==== Supplied entries

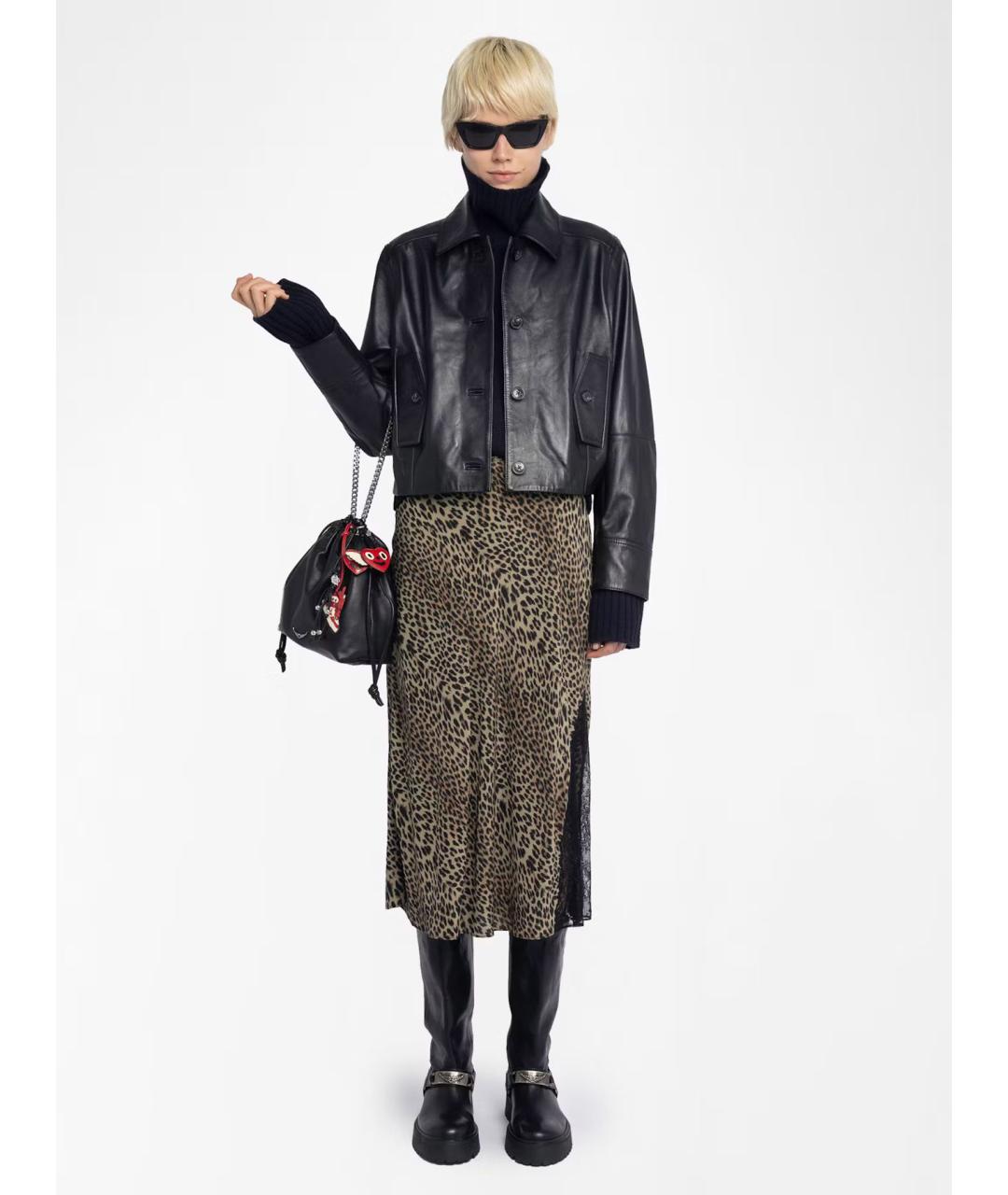 ZADIG & VOLTAIRE Вискозная юбка миди, фото 2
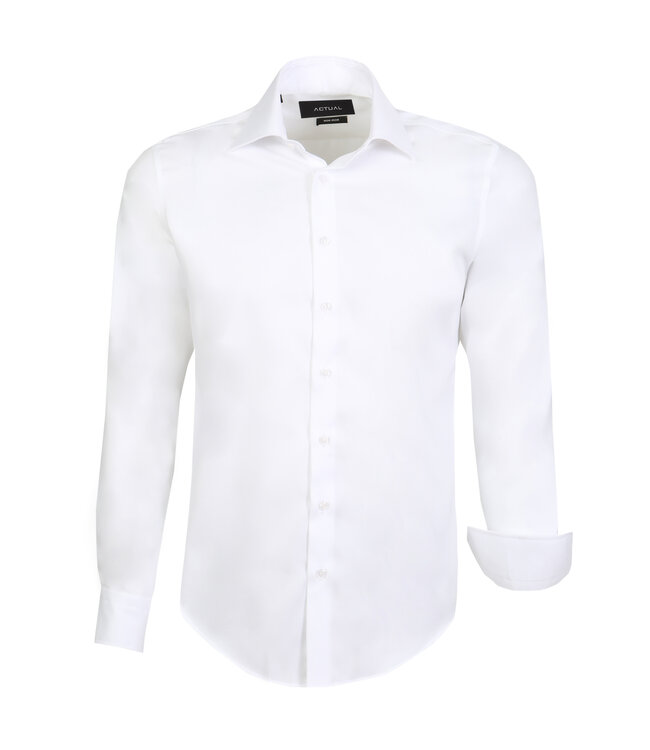 Actual Amsterdam OVERHEMD NON IRON DOBBY 25-015 WHITE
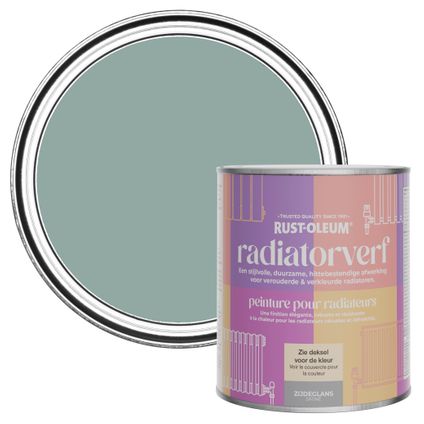 Rust-Oleum Peinture pour Radiateur, Finition Satinée - Bleu Gris 750ml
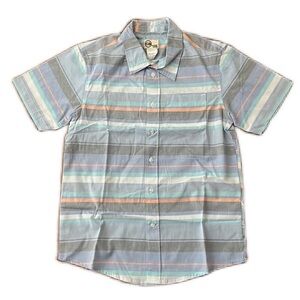 NWOT Copper Denim Multi Colored Button Down Shirt Short Sleeves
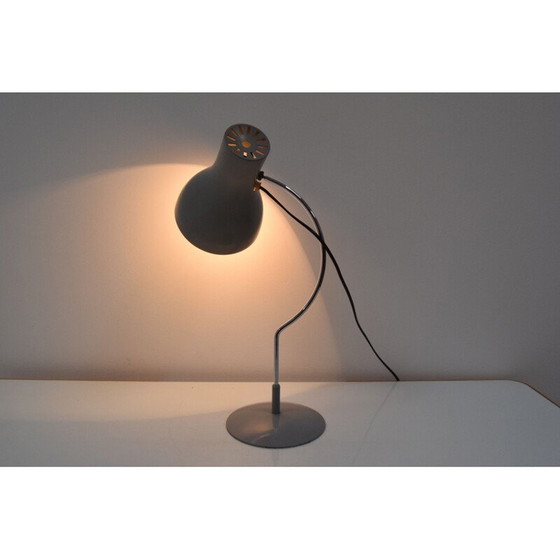 Image 1 of Lampe vintage en métal laqué et chrome par Josef Hurka pour Napako, Tchécoslovaquie 1970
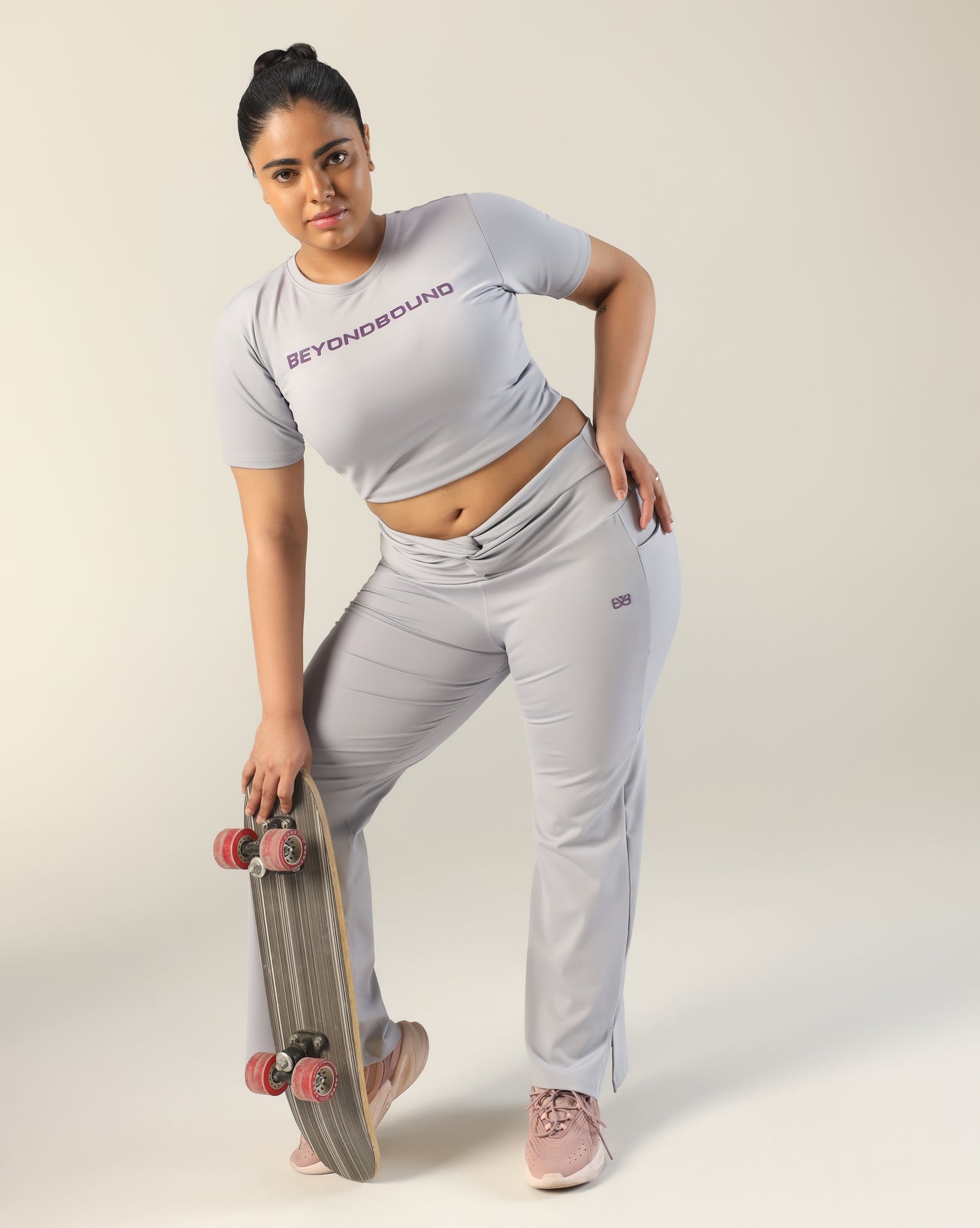 FlowTwist Leggings - Powder Purple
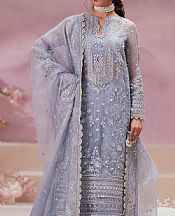 Zarposh Lavender Organza Suit- Pakistani Designer Chiffon Suit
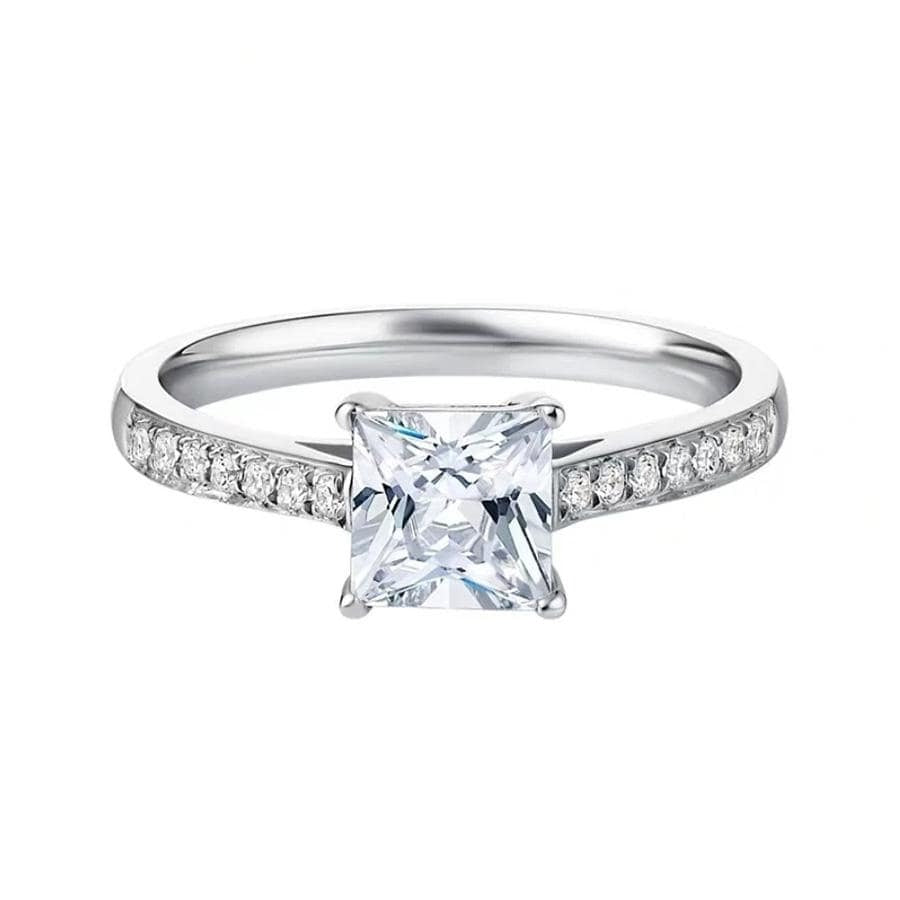 The Caliope Princess Cut Ring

========

## Problem details
Exact repetition of all the records is required, with the pictures excluded.

## Response area
 ZADIG & VOLTAIRE Вискозная юбка миди, фото 2
 Actual Amsterdam OVERHEMD NON IRON DOBBY 25-015 WHITE
 Rust-Oleum Peinture pour Radiateur, Finition Satinée - Bleu Gris 750ml
 NWOT Copper Denim Multi Colored Button Down Shirt Short Sleeves
 Image 1 of Lampe vintage en métal laqué et chrome par Josef Hurka pour Napako, Tchécoslovaquie 1970
 FlowTwist Leggings - Powder Purple
 Zarposh Lavender Organza Suit- Pakistani Designer Chiffon Suit
 The Caliope Princess Cut Ring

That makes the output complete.